Cela change les perspectives du contrôle social qui jusqu’à présent pesait sur les seuls privés d’emplois.

C’est ainsi qu’une technique antifraude testée dans les CAF assimile les tentatives de fraude à de la subversion!

Le contrôle social, si nous nous emparions de cette revendication, s’exercerait aussi sur le patronat allégeant d’autant les pressions sur les chômeurs, « assistés et paresseux« .

Pour ces rasons la Sécurité Sociale Professionnelle est une petite révolution:. Certains y voient un moyen d' »interdire les licenciements », d’autres simplement une remise en cause de la subordination  du travailleur à son patron, base du salariat.

Pour autant cette révolution est à élargir, sauf à rester dans un terrible paradoxe. Conçue comme une réponse aux licenciements, et particulièrement aux licenciements boursiers, la Sécurité Sociale  Professionnelle  maintient un lien originel entre production et rémunération. Il  faut avoir produit, avoir été salarié donc être rentré dans la conception traditionnelle du travail et de son prix pour pouvoir y échapper.  Les chômeurs de longue durée, les stagiaires, tous ceux qui ne rentrent pas dans le formatage des embauches (pas de capacité, pas d’autonomie, pas de sens de l’adaptation)  restent, dans cette optique, livrés à la pauvreté, évincés de la création de richesses reconnue par la société.

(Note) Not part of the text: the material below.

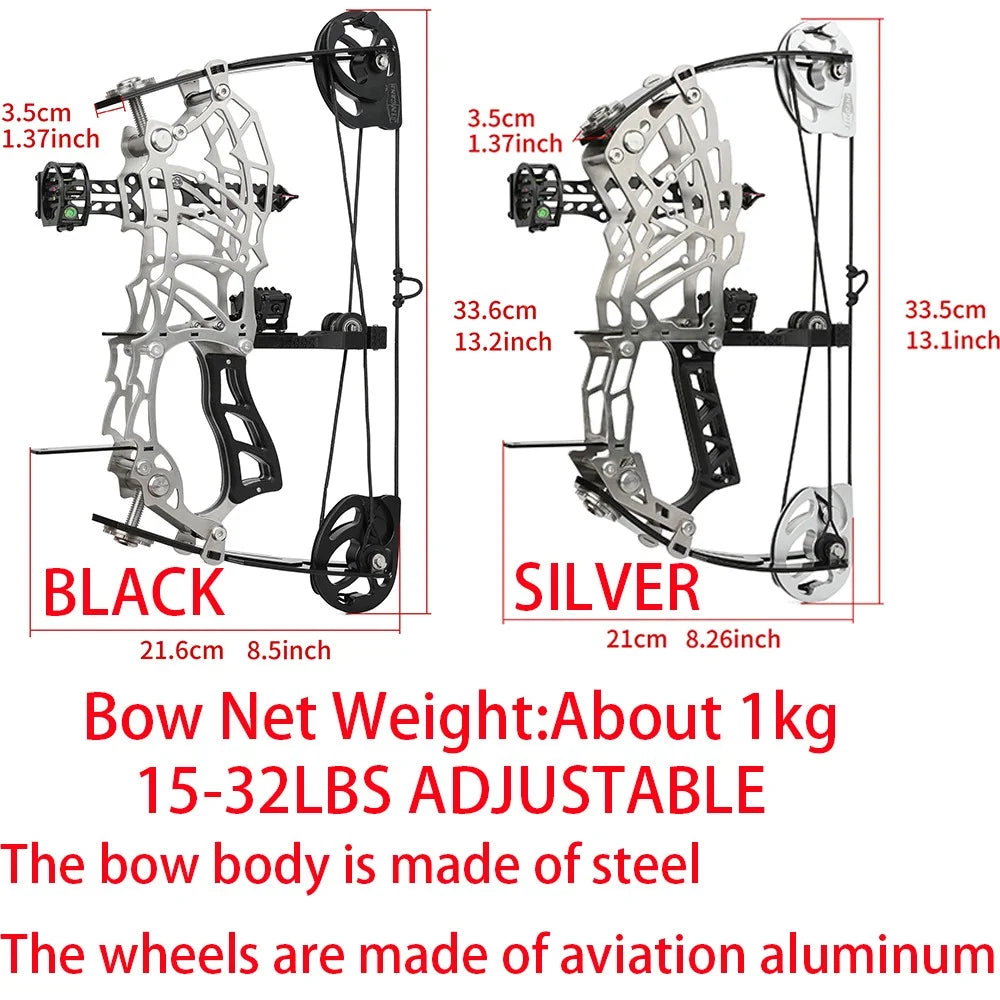 Adjustable Compound Archery Bow Featuring Carbon Grip And Steel Build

Pour sortir de cette injustice et de ce terrible paradoxe, il y a nécessité à pousser les feux et à travailler Sécurité Sociale Professionnelle et revenu.

Lors de l’Université des Alternatifs à Auch en 2006, pour beaucoup, intervenants extérieurs comme cessionnaires, il y avait continuum et non opposition entre les deux approches.

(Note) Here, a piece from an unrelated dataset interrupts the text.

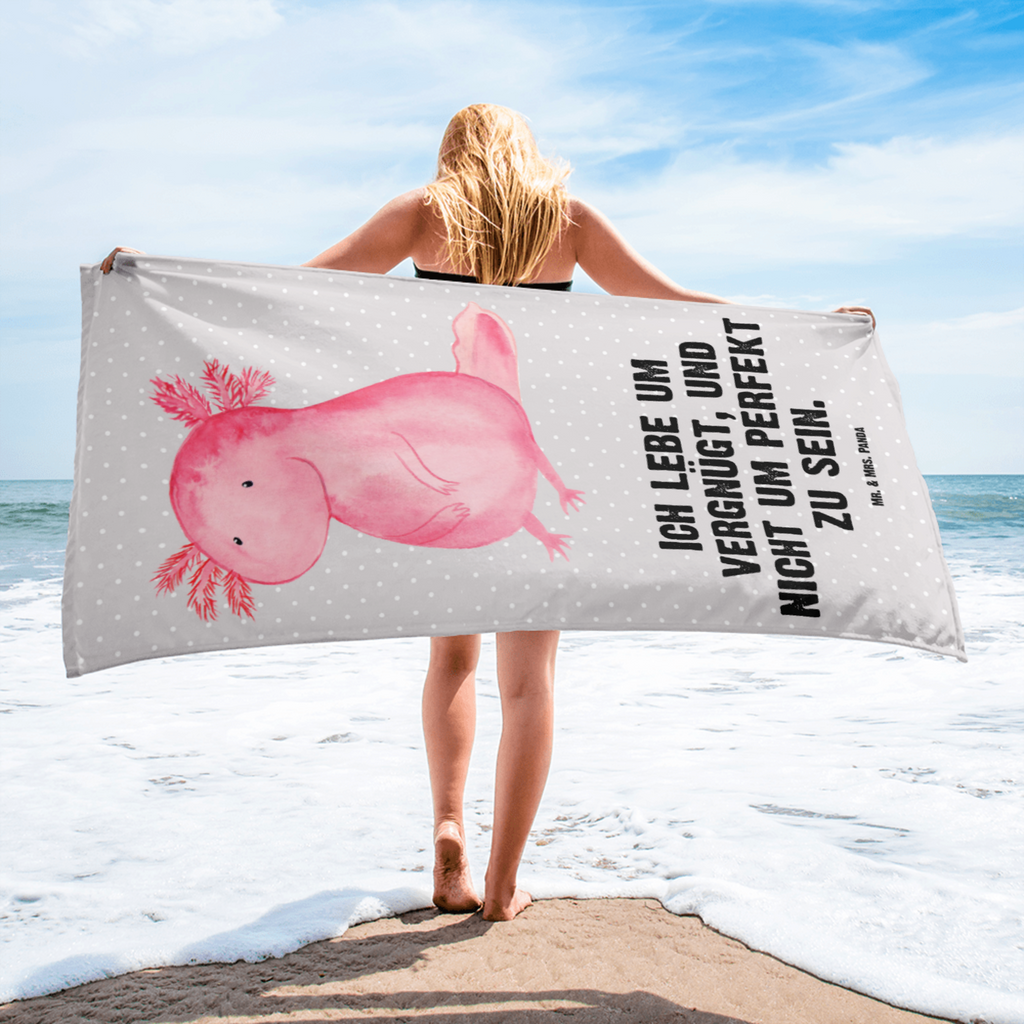 XL Badehandtuch Axolotl Handtuch, Badetuch, Duschtuch, Strandtuch, Saunatuch, Axolotl, Molch, Axolot, vergnügt, fröhlich, zufrieden, Lebensstil, Weisheit, Lebensweisheit, Liebe, Freundin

La plate forme revendicative des associations de chômeurs et précaires : « Pour une garantie de revenu et la continuité des droits » est une première tentative suffisamment aboutie pour obtenir le soutien de syndicats comme Solidaires ou la Confédération Paysanne

NB: les numéros 246 et 248 (13/10 et 1/12/2006) de « Rouge et Vert » donnent compte rendu des discussions de l’Université d’été de Auch (en 2006) sur ces questions.